Machu Picchu: Inca marvel amidst Peru’s landscape

Posted on 16 July 2023 By Tsoku Maela

Nestled within a breathtaking landscape at the juncture of the Peruvian Andes and the Amazon Basin, lies the Historic Sanctuary of Machu Picchu, a masterpiece of artistic, architectural, and land utilization achievements, standing as the most significant tangible heritage of the Inca civilization.

General view of the ancient Inca ruins of Machu Picchu in the Urubamba valley, seventy-two kilometres from the Andes city of Cusco, on February 15, 2023, open for the first time after they were closed to the public for security reasons on January 21, after protesters blocked the railways during protests against the government of President Dina Boluarte that have shaken the Andean country since December 7, 2022. (Photo by Carolina Paucar / AFP) (Photo by CAROLINA PAUCAR/AFP via Getty Images)

This exceptional mixed World Heritage site encompasses 32,592 hectares of rugged mountains, peaks, and valleys, centred around the awe-inspiring archaeological marvel known as “La Ciudadela” (the Citadel), perched over 2 400 meters above sea level.
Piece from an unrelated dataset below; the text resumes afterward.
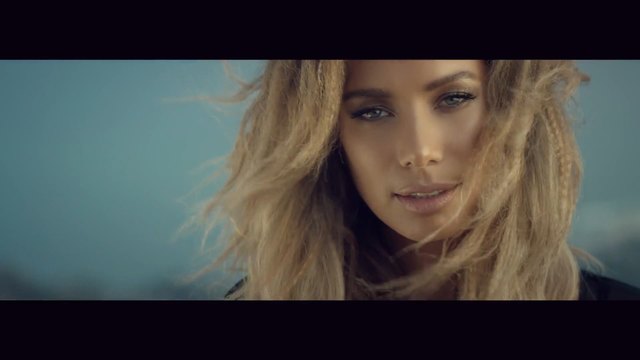 Премиера / Leona Lewis - Thunder _ 2015 Music Video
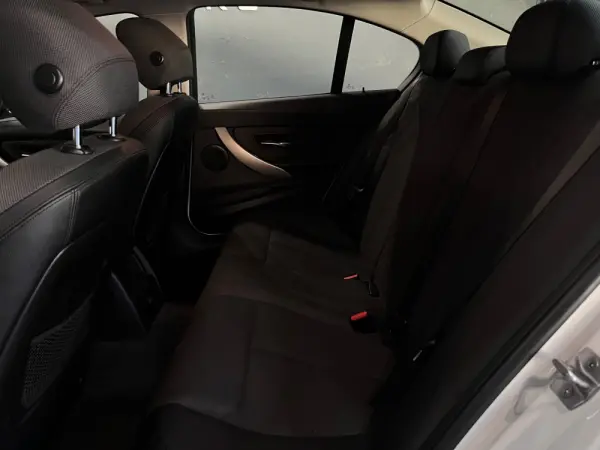 BMW 318 d Line Sport 11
Originally constructed in the 15th century, Machu Picchu was abandoned after the Spanish conquest of the Inca Empire, and it remained hidden from the world until its discovery in 1911.

Comprising approximately 200 structures, this extraordinary site served as a religious, ceremonial, astronomical, and agricultural centre, carefully arranged along a steep ridge and interconnected by stone terraces. The city was thoughtfully divided into lower and upper sections, demarcating the agricultural and residential areas, with a grand square between them. Despite extensive research, many mysteries surrounding Machu Picchu persist, including its exact role in the Incas’ advanced understanding of astronomy and the domestication of wild plant species.

Machu Picchu’s massive yet refined architecture harmoniously blends with the stunning natural environment, to which it is intricately linked. A network of subsidiary centres, roads, trails, irrigation canals, and agricultural terraces attests to centuries of human utilization. The challenging topography has resulted in a mosaic of utilized spaces and diverse natural habitats. These eastern slopes of the tropical Andes boast a remarkable gradient, encompassing high-altitude “Puna” grasslands, Polylepis thickets, montane cloud forests, and tropical lowland forests, all of which harbour rich biodiversity and significant endemic species. Though the site may be relatively small, it plays a crucial role in conserving a diverse array of flora and fauna, including rare and endemic species.

The Historic Sanctuary of Machu Picchu is an integral part of Peru’s national protected areas system and is safeguarded by a comprehensive legal framework, addressing both its cultural and natural significance. The sanctuary’s boundaries are well-defined, and it is surrounded by a buffer zone larger than the protected area itself.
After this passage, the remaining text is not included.